Information supplied →
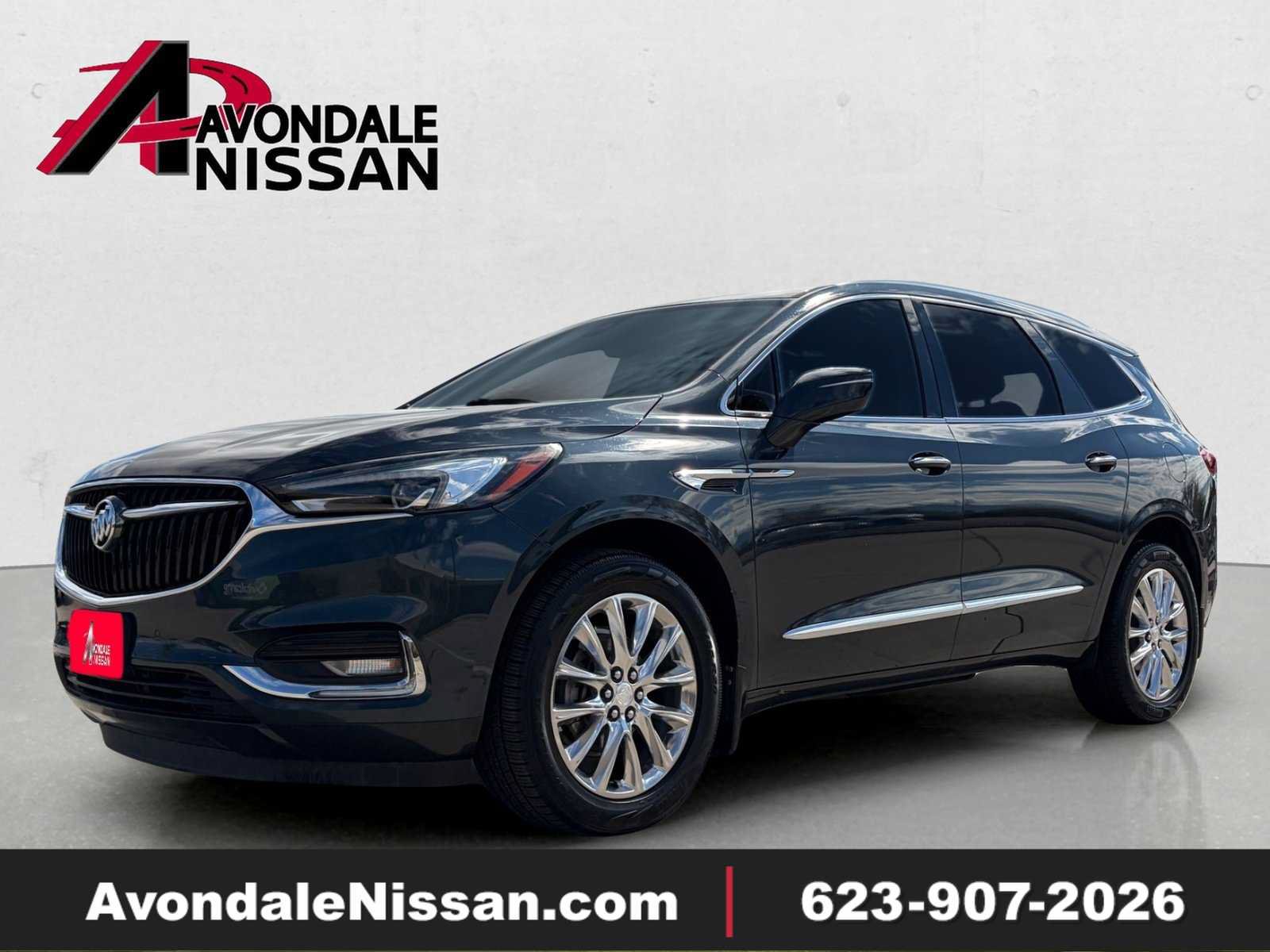 Used 2018 Buick Enclave Premium w/ Experience Buick Package FWD image 1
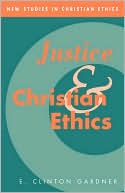 Justice and Christian Ethics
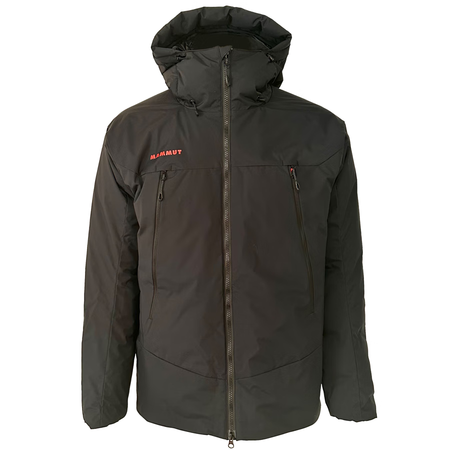 猛犸象（MAMMUT）红标LOGO防风防水防泼水保暖羽绒服 ...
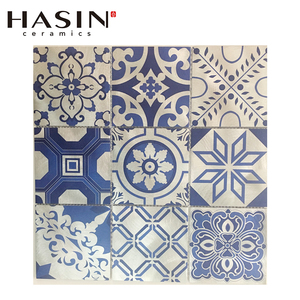 Modern Style Square Pattern Aluminium <strong>Mosaic</strong> High Quality for Hotel and Room New Graphic Design Solution - Product Image 2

Your instructions → The output has to match the data above line for line, except that pictures are dropped.

Response for this exercise →
 Used 2018 Buick Enclave Premium w/ Experience Buick Package FWD image 1
 Justice and Christian Ethics
 猛犸象（MAMMUT）红标LOGO防风防水防泼水保暖羽绒服 ...
 Modern Style Square Pattern Aluminium <strong>Mosaic</strong> High Quality for Hotel and Room New Graphic Design Solution - Product Image 2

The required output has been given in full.